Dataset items
○ ○ ○ ○ ○
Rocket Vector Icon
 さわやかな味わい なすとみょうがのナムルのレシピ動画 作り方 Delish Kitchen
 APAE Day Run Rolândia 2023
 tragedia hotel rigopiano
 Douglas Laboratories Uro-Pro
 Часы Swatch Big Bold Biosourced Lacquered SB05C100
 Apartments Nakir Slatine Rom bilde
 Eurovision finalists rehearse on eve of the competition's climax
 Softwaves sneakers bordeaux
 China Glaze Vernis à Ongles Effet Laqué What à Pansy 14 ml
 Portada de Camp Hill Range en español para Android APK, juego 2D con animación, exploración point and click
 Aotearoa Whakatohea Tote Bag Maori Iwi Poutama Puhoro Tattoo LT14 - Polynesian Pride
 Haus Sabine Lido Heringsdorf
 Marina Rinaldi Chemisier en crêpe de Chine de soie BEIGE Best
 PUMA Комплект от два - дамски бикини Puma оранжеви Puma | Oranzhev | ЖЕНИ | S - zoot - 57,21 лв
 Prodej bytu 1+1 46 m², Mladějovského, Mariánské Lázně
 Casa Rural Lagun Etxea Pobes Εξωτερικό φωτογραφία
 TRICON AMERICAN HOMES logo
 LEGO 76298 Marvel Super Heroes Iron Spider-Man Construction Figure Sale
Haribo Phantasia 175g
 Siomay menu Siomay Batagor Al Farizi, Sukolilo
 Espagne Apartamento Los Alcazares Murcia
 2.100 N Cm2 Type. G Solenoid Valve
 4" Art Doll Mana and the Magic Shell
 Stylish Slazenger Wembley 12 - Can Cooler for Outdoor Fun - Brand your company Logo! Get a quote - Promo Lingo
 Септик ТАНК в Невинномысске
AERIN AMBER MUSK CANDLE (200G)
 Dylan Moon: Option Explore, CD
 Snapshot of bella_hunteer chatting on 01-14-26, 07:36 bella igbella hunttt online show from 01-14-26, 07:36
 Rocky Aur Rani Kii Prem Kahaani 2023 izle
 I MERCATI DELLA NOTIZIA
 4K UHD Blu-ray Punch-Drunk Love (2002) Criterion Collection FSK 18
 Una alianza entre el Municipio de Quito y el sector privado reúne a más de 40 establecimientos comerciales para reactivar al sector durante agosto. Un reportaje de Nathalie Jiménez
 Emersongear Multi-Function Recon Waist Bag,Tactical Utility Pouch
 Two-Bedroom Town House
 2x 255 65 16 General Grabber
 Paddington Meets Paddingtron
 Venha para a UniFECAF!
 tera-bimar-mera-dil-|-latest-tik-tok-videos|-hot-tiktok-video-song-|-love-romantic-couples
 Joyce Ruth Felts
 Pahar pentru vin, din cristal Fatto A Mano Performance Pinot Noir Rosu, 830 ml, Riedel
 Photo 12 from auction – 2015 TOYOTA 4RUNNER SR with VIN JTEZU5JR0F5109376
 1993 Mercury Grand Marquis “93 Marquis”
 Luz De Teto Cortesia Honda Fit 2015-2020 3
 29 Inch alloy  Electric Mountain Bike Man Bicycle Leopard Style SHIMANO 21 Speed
○ ○ ○ ○ ○
*Your assignment*. From the data above, reproduce word for word the lines running from the line with "Espagne Apartamento Los Alcazares Murcia" to the line with "Una alianza entre", ends included.

*Answer to this problem*.
 Espagne Apartamento Los Alcazares Murcia
 2.100 N Cm2 Type. G Solenoid Valve
 4" Art Doll Mana and the Magic Shell
 Stylish Slazenger Wembley 12 - Can Cooler for Outdoor Fun - Brand your company Logo! Get a quote - Promo Lingo
 Септик ТАНК в Невинномысске
AERIN AMBER MUSK CANDLE (200G)
 Dylan Moon: Option Explore, CD
 Snapshot of bella_hunteer chatting on 01-14-26, 07:36 bella igbella hunttt online show from 01-14-26, 07:36
 Rocky Aur Rani Kii Prem Kahaani 2023 izle
 I MERCATI DELLA NOTIZIA
 4K UHD Blu-ray Punch-Drunk Love (2002) Criterion Collection FSK 18
 Una alianza entre el Municipio de Quito y el sector privado reúne a más de 40 establecimientos comerciales para reactivar al sector durante agosto. Un reportaje de Nathalie Jiménez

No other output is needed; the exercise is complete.